Task instructions =>
With the pictures left out, retype exactly the lines below starting at the line that contains "Maison Tahite Vanillade" and ending at the line that contains "Maou-sama, Retry! R Chap 46 - Next Chap 47".

..............................

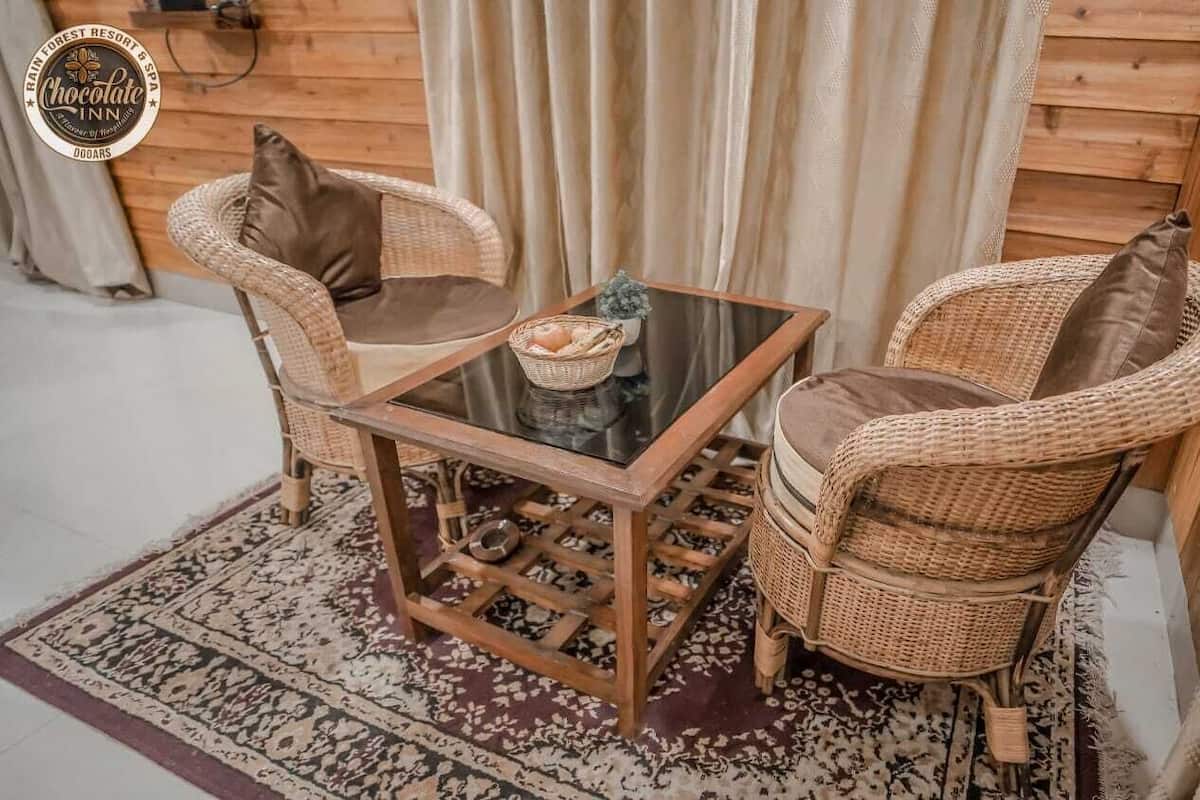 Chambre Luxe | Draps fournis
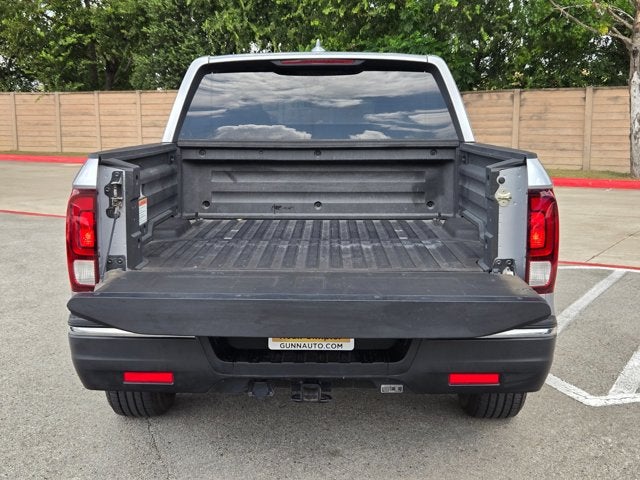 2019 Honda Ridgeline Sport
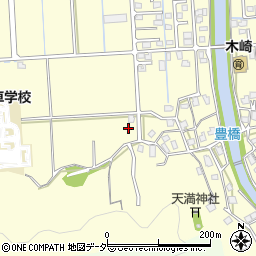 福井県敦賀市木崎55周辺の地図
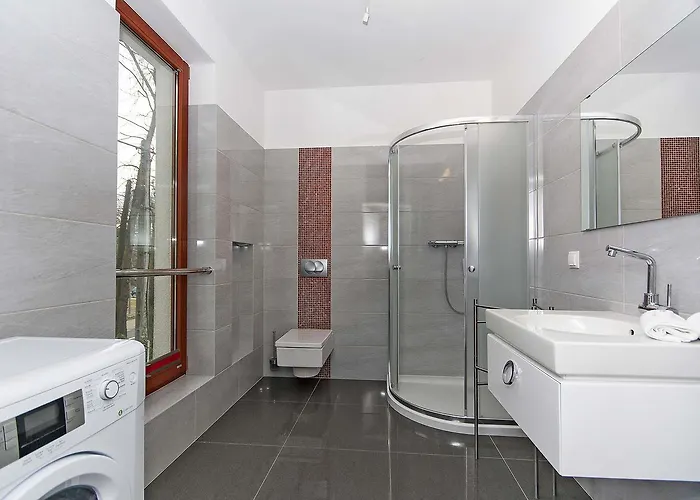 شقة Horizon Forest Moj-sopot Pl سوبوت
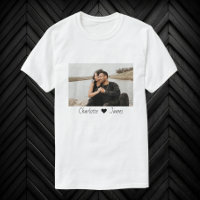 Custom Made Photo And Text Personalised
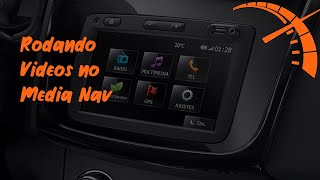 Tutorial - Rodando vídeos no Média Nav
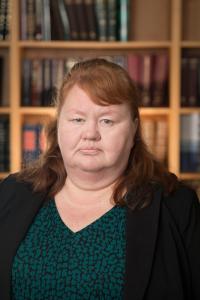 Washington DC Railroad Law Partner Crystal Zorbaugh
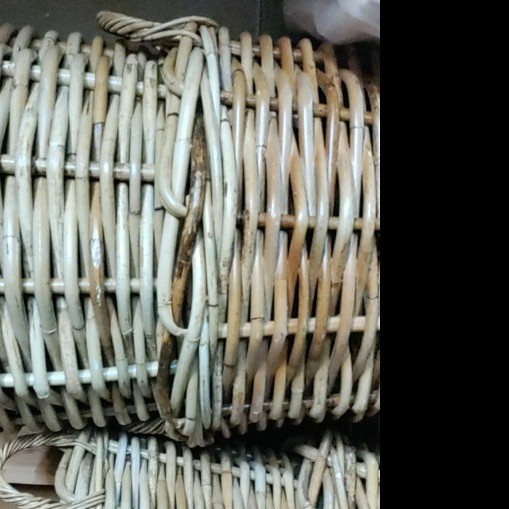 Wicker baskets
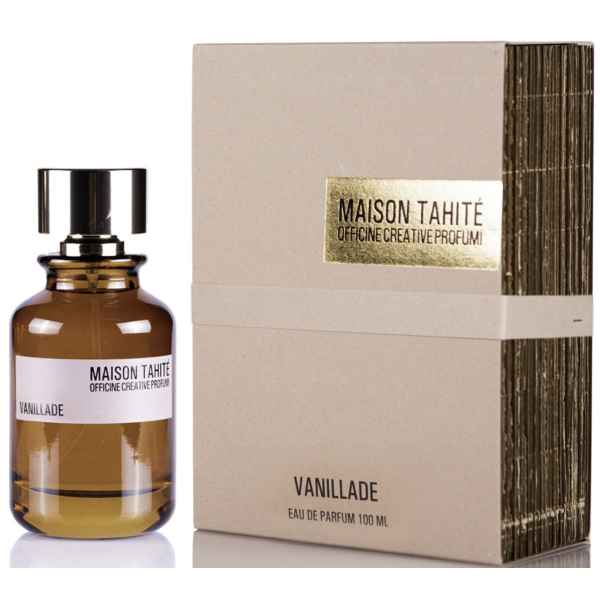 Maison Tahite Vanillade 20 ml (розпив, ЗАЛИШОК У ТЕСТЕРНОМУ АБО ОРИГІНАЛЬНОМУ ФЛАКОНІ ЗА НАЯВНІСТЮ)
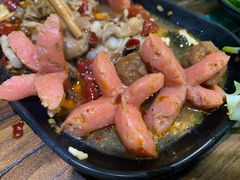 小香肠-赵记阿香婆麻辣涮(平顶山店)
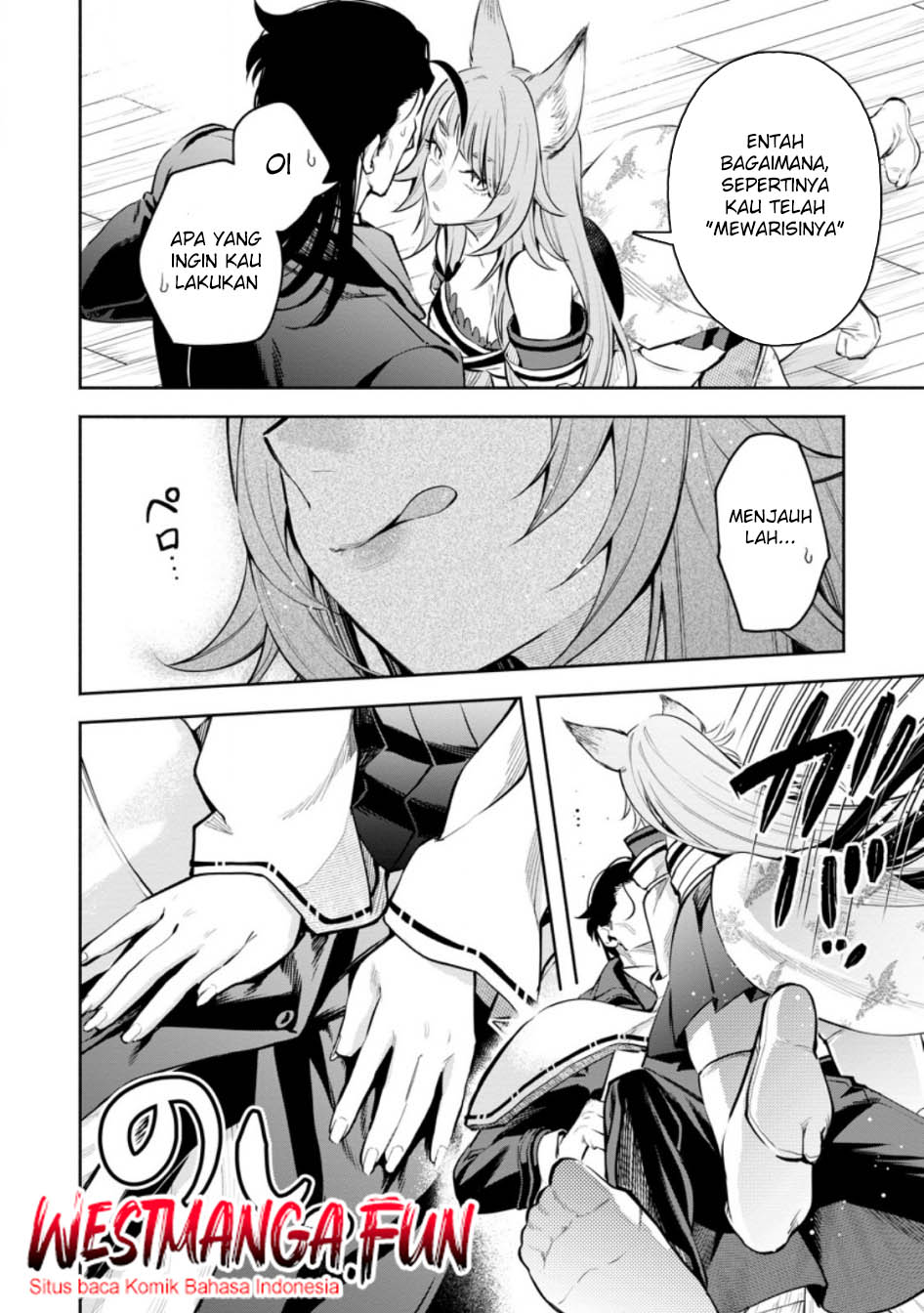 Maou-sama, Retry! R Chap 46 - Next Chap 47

..............................

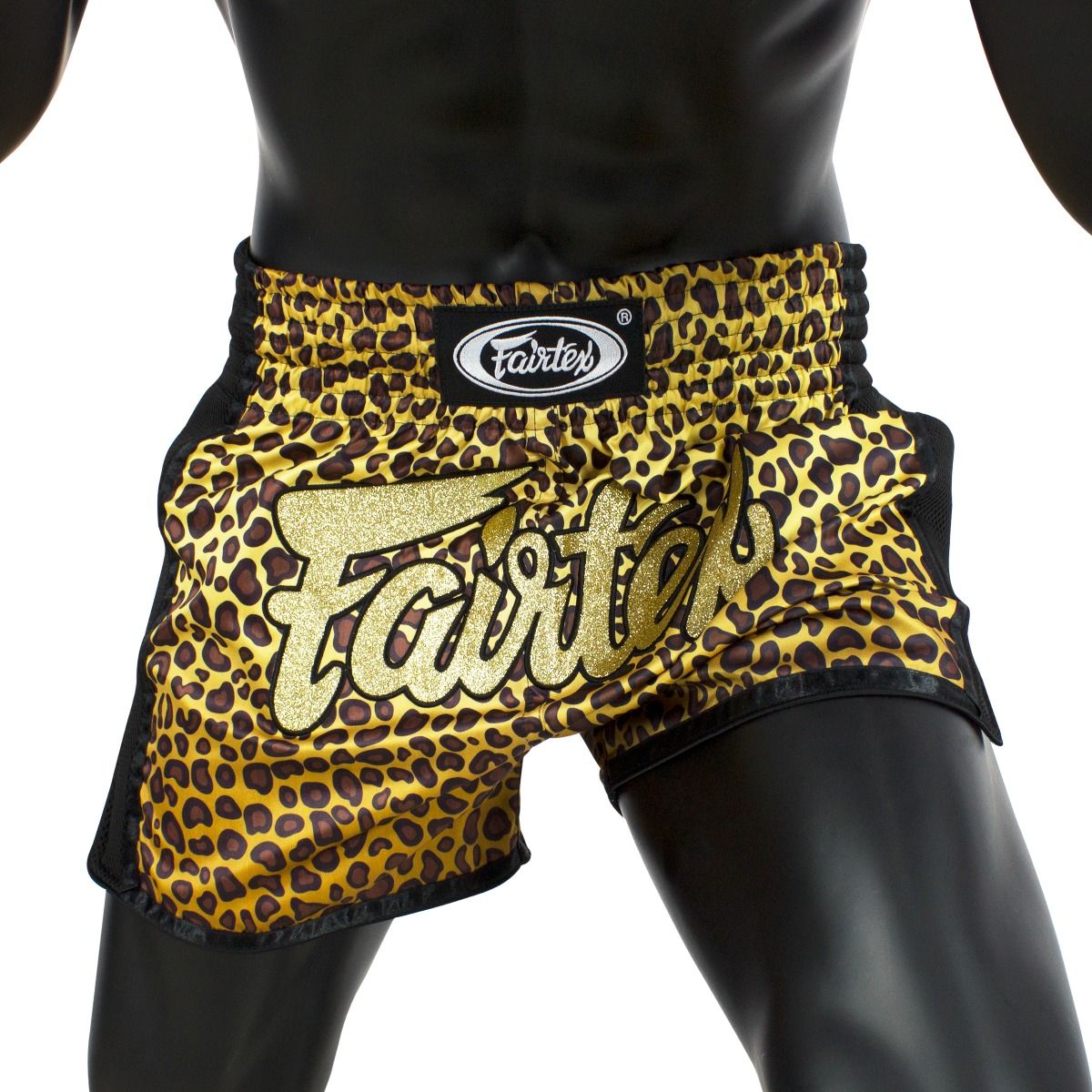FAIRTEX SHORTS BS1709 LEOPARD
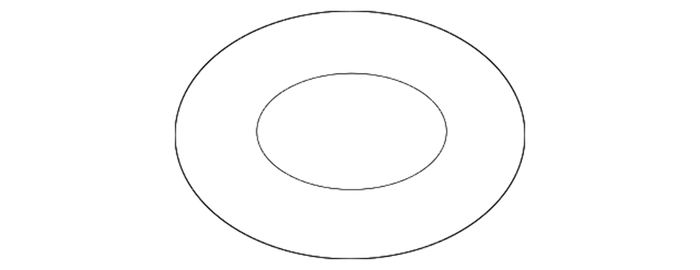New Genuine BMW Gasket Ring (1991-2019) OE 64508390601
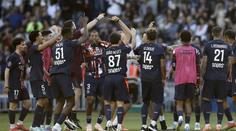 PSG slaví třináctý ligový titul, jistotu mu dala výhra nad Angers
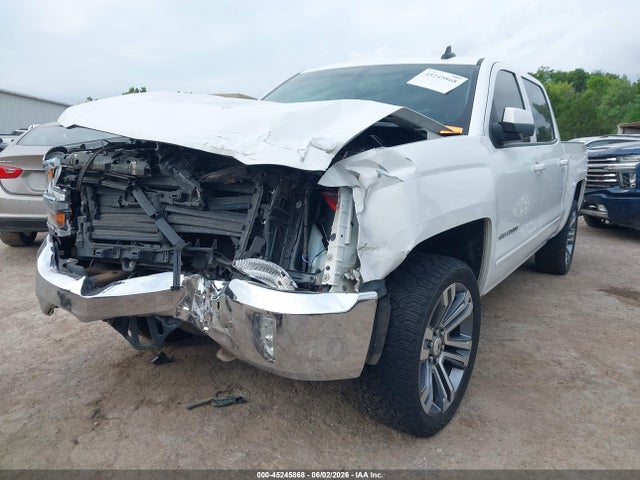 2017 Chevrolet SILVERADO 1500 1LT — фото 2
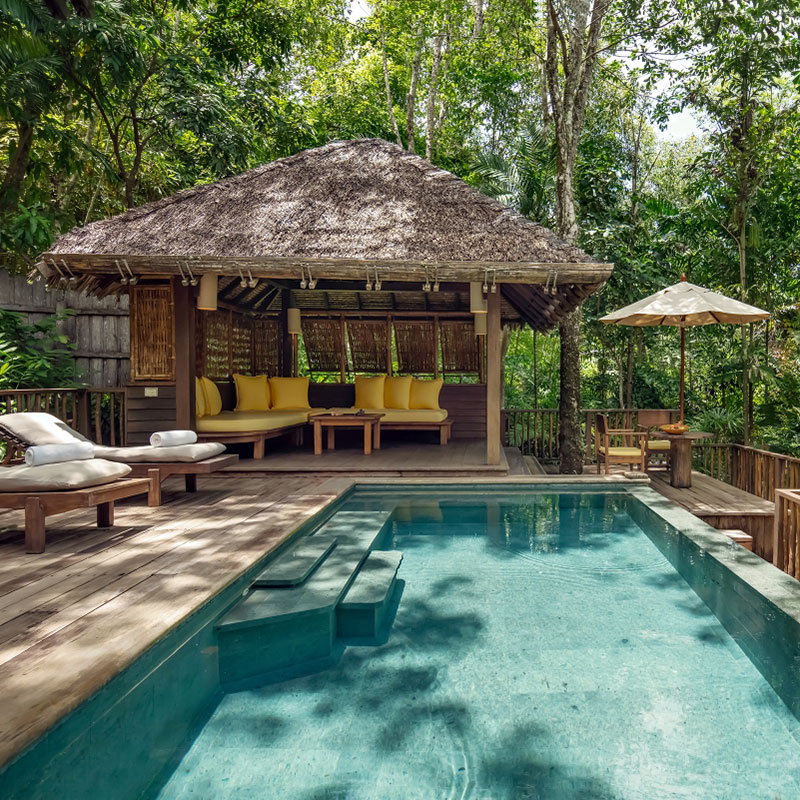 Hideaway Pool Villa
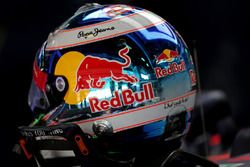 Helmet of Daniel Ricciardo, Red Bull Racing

..............................

Written solution =>
 Maison Tahite Vanillade 20 ml (розпив, ЗАЛИШОК У ТЕСТЕРНОМУ АБО ОРИГІНАЛЬНОМУ ФЛАКОНІ ЗА НАЯВНІСТЮ)
 小香肠-赵记阿香婆麻辣涮(平顶山店)
 Maou-sama, Retry! R Chap 46 - Next Chap 47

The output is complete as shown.